== YOUR INSTRUCTIONS ==
Return the whole listing exactly, omitting the pictures.

---*---

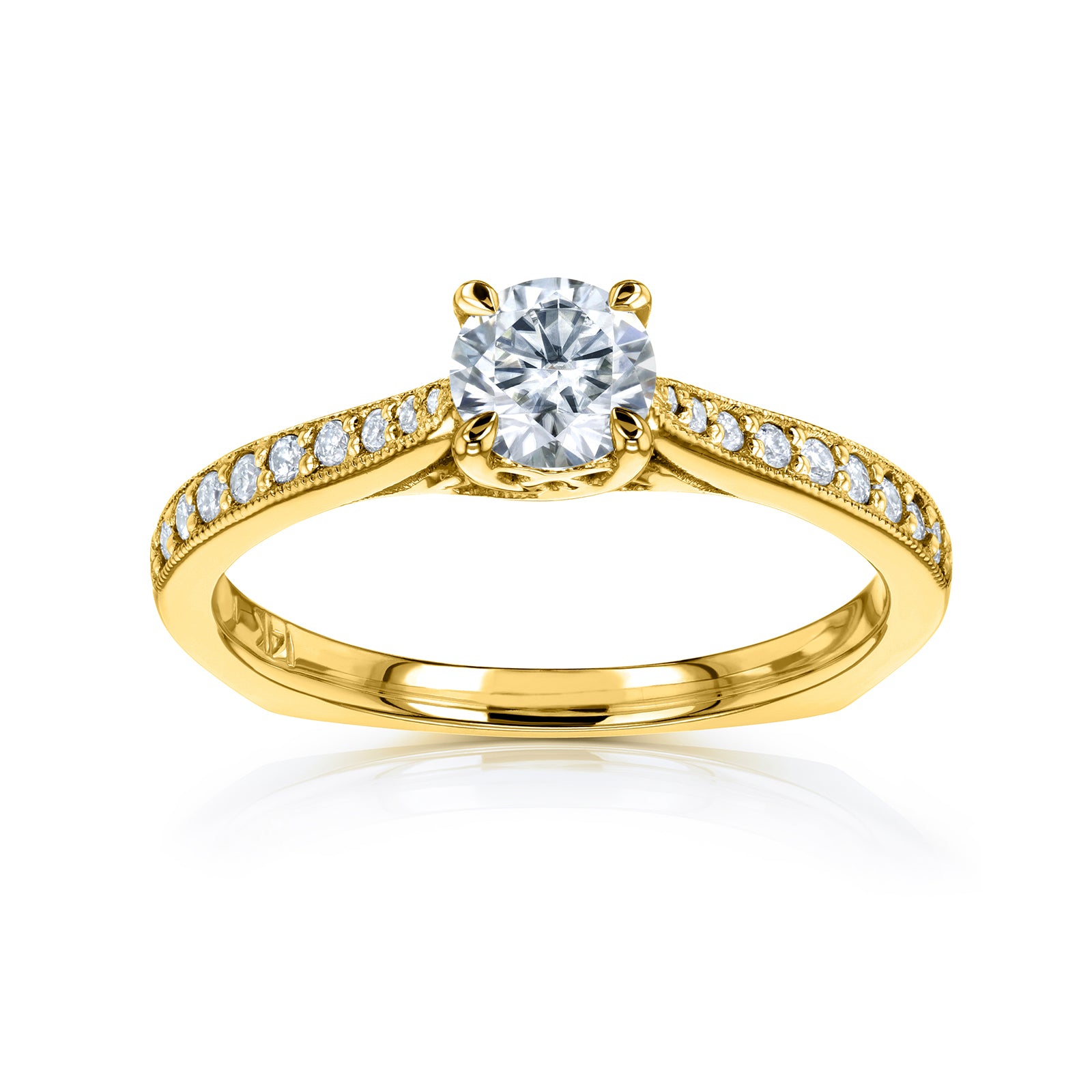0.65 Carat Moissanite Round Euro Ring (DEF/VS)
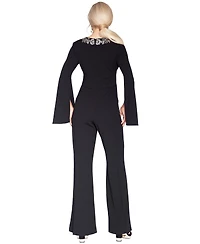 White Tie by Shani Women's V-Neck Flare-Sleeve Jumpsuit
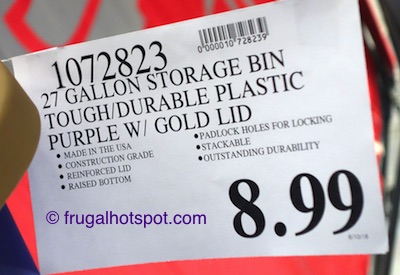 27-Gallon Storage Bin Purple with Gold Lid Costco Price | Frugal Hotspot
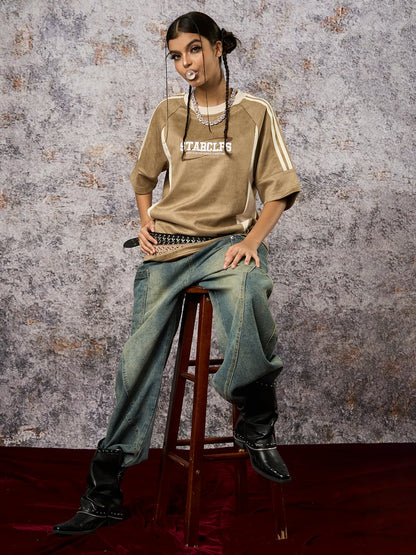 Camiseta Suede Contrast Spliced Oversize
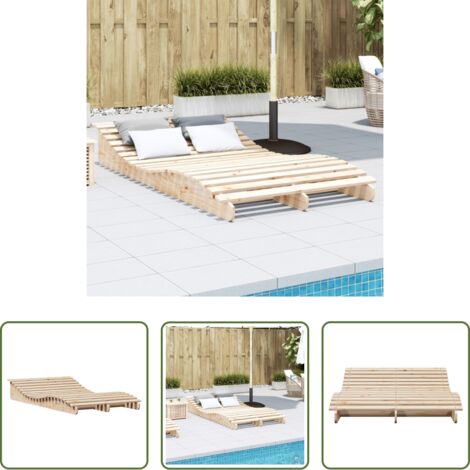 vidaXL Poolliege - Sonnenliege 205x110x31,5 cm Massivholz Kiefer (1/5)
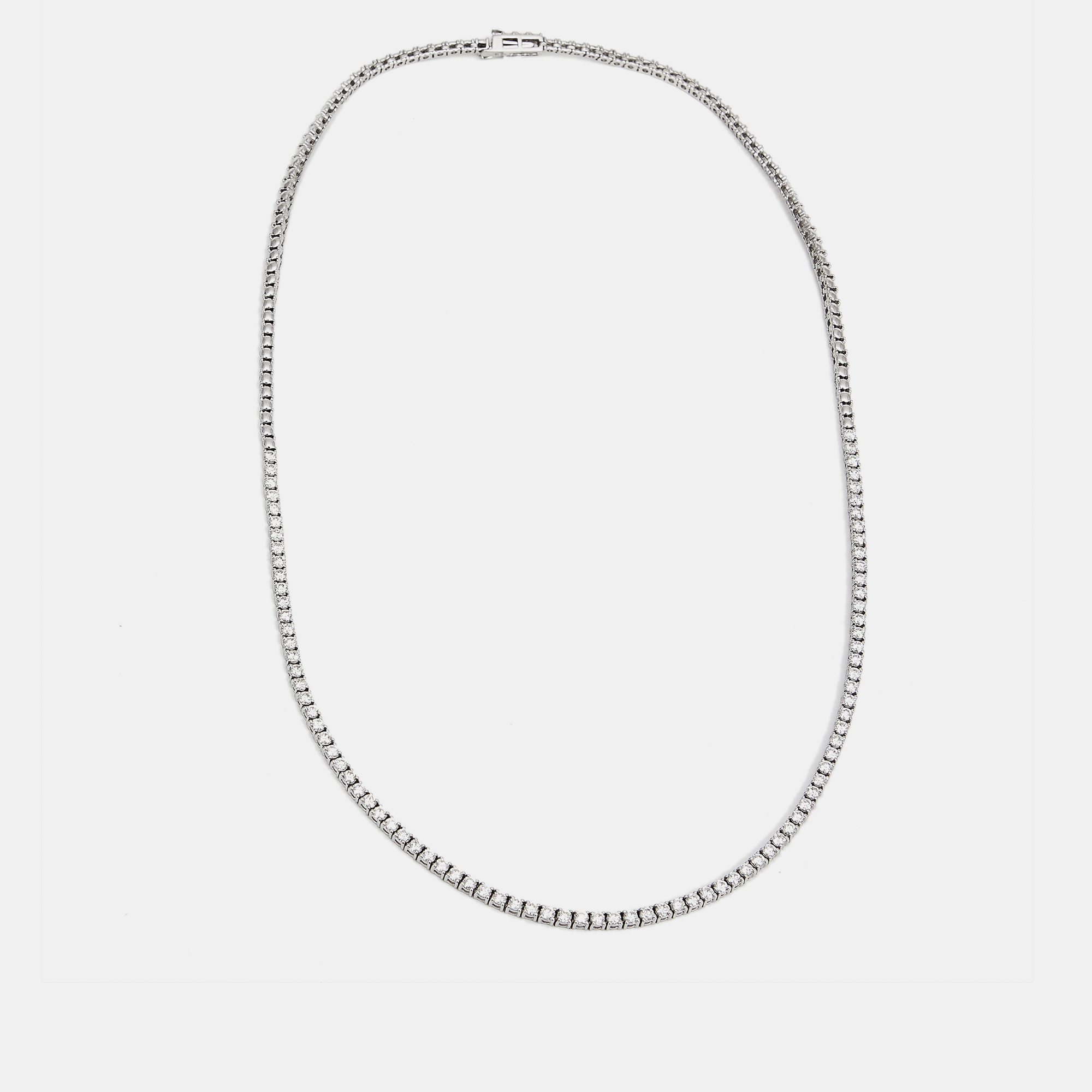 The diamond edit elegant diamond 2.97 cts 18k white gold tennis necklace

---*---

== RESPONSE TO THIS TASK ==
0.65 Carat Moissanite Round Euro Ring (DEF/VS)
 White Tie by Shani Women's V-Neck Flare-Sleeve Jumpsuit
 27-Gallon Storage Bin Purple with Gold Lid Costco Price | Frugal Hotspot
 Camiseta Suede Contrast Spliced Oversize
 vidaXL Poolliege - Sonnenliege 205x110x31,5 cm Massivholz Kiefer (1/5)
 The diamond edit elegant diamond 2.97 cts 18k white gold tennis necklace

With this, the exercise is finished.